Service quotas can be increased upon request, but understanding these
limits helps prevent unexpected interruptions.
- Billing Alerts: AWS allows users to set cost monitoring and budget alerts to track spending and avoid unexpected charges.
Data Storage and Management
-
S3 (Simple Storage Service): A scalable storage
service where you can store datasets, models, and other files. S3 is
commonly used to store data that will be processed by SageMaker.
-
S3 Bucket: A container in S3 where data is stored.
Think of it like a folder, but with more scalability and security
options. Data is accessed via unique S3 URIs (e.g.,
s3://your-bucket-name/your-file.csv
). -
S3 URI or Object URI: The Uniform Resource
Identifier (URI) is a unique address that specifies the location of the
file within S3 (e.g.,
s3://doejohn-titanic-s3/titanic_train.csv
). This URI is essential for referencing data in AWS services like SageMaker, where it will be used to load data for processing and model training. - Elastic Block Store (EBS): Persistent storage volumes attached to EC2 instances. Unlike S3, which is an object store, EBS provides block-level storage and is commonly used for databases or applications requiring high-speed storage.
SageMaker and Machine Learning Workflows
-
SageMaker: A managed machine learning platform in
AWS that provides tools for building, training, and deploying ML models.

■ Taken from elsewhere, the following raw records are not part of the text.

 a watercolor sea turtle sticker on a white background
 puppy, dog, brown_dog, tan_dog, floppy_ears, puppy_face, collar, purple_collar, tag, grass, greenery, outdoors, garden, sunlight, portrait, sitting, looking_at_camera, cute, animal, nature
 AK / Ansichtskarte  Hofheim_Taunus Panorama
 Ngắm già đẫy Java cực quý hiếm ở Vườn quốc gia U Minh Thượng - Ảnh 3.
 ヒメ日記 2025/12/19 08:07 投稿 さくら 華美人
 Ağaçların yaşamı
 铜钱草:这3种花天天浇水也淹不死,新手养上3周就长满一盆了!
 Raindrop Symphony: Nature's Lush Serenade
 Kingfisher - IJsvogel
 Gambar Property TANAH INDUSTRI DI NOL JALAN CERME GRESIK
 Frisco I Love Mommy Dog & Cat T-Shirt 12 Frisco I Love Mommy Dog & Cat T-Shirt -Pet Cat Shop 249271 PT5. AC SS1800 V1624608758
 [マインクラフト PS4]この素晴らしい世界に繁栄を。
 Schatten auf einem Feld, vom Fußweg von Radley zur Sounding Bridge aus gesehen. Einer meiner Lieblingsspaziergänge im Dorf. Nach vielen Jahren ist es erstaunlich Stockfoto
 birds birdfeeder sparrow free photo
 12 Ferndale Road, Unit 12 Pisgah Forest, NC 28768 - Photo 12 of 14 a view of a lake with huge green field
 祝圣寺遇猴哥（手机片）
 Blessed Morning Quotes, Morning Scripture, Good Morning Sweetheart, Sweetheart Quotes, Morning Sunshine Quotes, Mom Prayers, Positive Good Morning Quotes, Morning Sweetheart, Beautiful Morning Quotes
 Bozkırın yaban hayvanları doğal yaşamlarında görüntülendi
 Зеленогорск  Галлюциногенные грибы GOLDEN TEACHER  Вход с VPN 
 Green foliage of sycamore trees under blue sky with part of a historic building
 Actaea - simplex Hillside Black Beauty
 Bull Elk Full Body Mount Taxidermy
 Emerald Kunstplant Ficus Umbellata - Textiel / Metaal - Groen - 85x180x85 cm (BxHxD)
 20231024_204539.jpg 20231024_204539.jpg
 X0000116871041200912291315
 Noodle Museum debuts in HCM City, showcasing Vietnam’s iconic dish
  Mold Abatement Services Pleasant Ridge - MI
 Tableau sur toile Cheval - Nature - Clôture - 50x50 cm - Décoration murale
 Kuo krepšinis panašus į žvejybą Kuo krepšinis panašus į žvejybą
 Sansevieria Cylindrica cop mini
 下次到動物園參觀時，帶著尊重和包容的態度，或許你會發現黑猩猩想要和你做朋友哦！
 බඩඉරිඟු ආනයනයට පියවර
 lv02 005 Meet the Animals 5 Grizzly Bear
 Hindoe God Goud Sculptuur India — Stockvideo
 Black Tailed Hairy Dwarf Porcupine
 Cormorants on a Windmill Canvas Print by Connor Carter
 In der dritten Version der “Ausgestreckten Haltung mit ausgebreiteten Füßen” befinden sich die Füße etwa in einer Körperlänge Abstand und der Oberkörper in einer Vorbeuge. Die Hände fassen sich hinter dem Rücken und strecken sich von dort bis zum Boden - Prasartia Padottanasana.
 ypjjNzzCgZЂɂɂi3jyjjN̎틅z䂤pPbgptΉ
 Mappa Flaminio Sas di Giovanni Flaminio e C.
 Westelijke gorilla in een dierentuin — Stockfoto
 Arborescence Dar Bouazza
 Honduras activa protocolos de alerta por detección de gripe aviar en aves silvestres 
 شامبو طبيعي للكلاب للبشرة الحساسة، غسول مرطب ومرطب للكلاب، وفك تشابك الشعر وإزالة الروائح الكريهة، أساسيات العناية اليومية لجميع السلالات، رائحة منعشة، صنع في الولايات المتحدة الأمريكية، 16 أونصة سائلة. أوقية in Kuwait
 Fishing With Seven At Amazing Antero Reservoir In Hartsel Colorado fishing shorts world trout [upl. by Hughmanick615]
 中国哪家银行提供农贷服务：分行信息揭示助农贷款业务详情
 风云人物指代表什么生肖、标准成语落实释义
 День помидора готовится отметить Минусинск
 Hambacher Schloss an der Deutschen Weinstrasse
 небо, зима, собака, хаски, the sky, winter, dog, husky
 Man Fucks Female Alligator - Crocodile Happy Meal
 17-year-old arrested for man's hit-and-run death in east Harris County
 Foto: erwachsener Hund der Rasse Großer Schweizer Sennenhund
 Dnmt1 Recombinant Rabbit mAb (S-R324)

It simplifies the process of running ML workloads on the cloud.
-
SageMaker Notebook Instance or Notebook
Instance for short: A Jupyter notebook environment hosted on
AWS. It provides a pre-configured setup for writing and running Python
code, accessing data, and training models.
-
Controller: In this workshop, we use the term
“controller” to describe how a SageMaker Notebook Instance is used to
launch and manage training jobs, inference endpoints, and other AWS
services. Rather than performing all computations within the notebook
itself, the notebook acts as a high-level interface to configure and
execute cloud-based ML workflows.
- SageMaker Training Job: A managed process in SageMaker where a model is trained on a specified dataset using EC2 instances. Training jobs can be configured to use GPUs or multiple instances for scalability.
- Hyperparameter Tuning Job: A SageMaker feature that automatically tests different hyperparameter values to find the best-performing model configuration.